Et le résultat en course tient la promesse : légèreté, rebond, tenue sur la durée. Les compromis existent. L'absence de lacets limite l'ajustabilité, le prix est élevé, et la tige minimaliste ne conviendra pas à tous les pieds. Ce n'est pas un défaut de conception, c'est un positionnement assumé.
Pour les coureurs qui rentrent dedans, au sens propre comme au figuré, c'est une expérience de course unique. Une super trainer qui prouve qu'amorti maximal et poids plume ne sont plus incompatibles.
Alternatives recommandées
Pour la même plateforme avec lacets et plus d'ajustabilité : la On Cloudmonster 3 Hyper (230 €)
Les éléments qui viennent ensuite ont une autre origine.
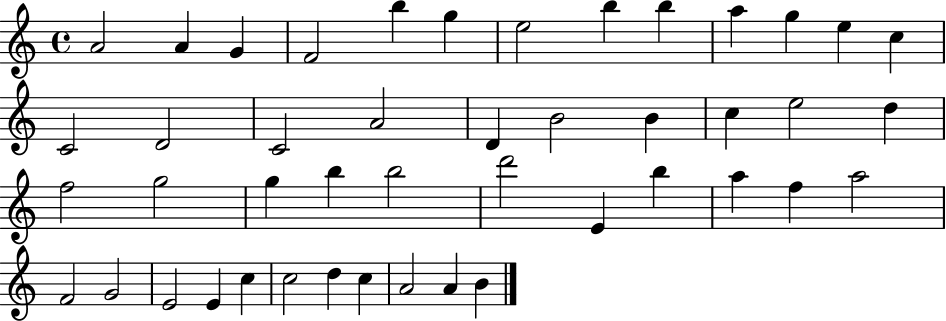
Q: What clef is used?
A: treble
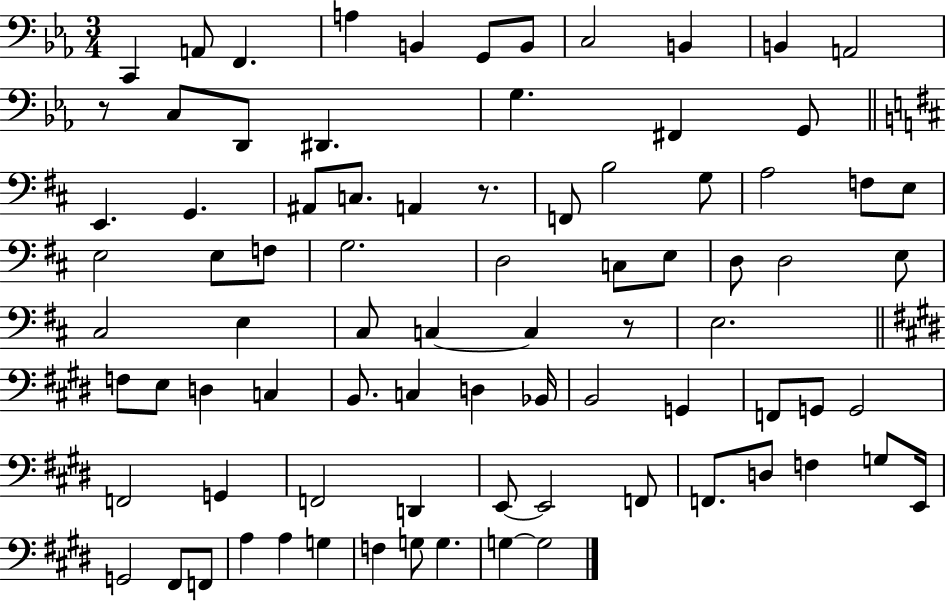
X:1
T:Untitled
M:3/4
L:1/4
K:Eb
C,, A,,/2 F,, A, B,, G,,/2 B,,/2 C,2 B,, B,, A,,2 z/2 C,/2 D,,/2 ^D,, G, ^F,, G,,/2 E,, G,, ^A,,/2 C,/2 A,, z/2 F,,/2 B,2 G,/2 A,2 F,/2 E,/2 E,2 E,/2 F,/2 G,2 D,2 C,/2 E,/2 D,/2 D,2 E,/2 ^C,2 E, ^C,/2 C, C, z/2 E,2 F,/2 E,/2 D, C, B,,/2 C, D, _B,,/4 B,,2 G,, F,,/2 G,,/2 G,,2 F,,2 G,, F,,2 D,, E,,/2 E,,2 F,,/2 F,,/2 D,/2 F, G,/2 E,,/4 G,,2 ^F,,/2 F,,/2 A, A, G, F, G,/2 G, G, G,2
Pour une super trainer rebondissante sans plaque : l'Asics Superblast 3
Pour un daily trainer léger et polyvalent : la Hoka Mach 7
FAQ
Quelle est la différence entre la On Cloudmonster 3 Hyper et la version LS ?
La Cloudmonster 3 Hyper LS utilise la technologie LightSpray pour sa tige, ce qui la rend environ 60 à 80 g plus légère que la version classique. Elle n'a pas de lacets ni de semelle de propreté. La plateforme d'amorti Helion HF + CloudTec reste identique.
La On LightSpray Cloudmonster 3 Hyper convient-elle aux pieds larges ?
La tige LightSpray sans lacets offre peu de marge d'ajustement. Les coureurs aux pieds larges ou au coup de pied haut risquent de ressentir une compression. Il est fortement recommandé de l'essayer en boutique, notamment via le Quatorze Lab, avant achat.
Peut-on courir un marathon en compétition avec la LightSpray Cloudmonster 3 Hyper ?
Son stack de 45 mm dépasse la limite de 40 mm imposée par World Athletics pour les compétitions officielles. Elle est conçue comme une super trainer d'entraînement, idéale pour les sorties longues et les blocs à allure marathon, mais pas homologuée pour la compétition.
Pourquoi la LightSpray Cloudmonster 3 Hyper est livrée avec des chaussettes ?
L'absence de semelle de propreté et le contact direct du pied avec le TPU rendent le port de chaussettes adaptées essentiel. On fournit une paire de chaussettes Elite Run High Hyper conçues pour compléter le chaussant et assurer le confort.
Quel est le prix de la On LightSpray Cloudmonster 3 Hyper ?
Le prix conseillé est de 280 €, soit 50 € de plus que la Cloudmonster 3 Hyper classique à 230 €. Ce surcoût s'explique par la technologie LightSpray et le processus de fabrication robotisé.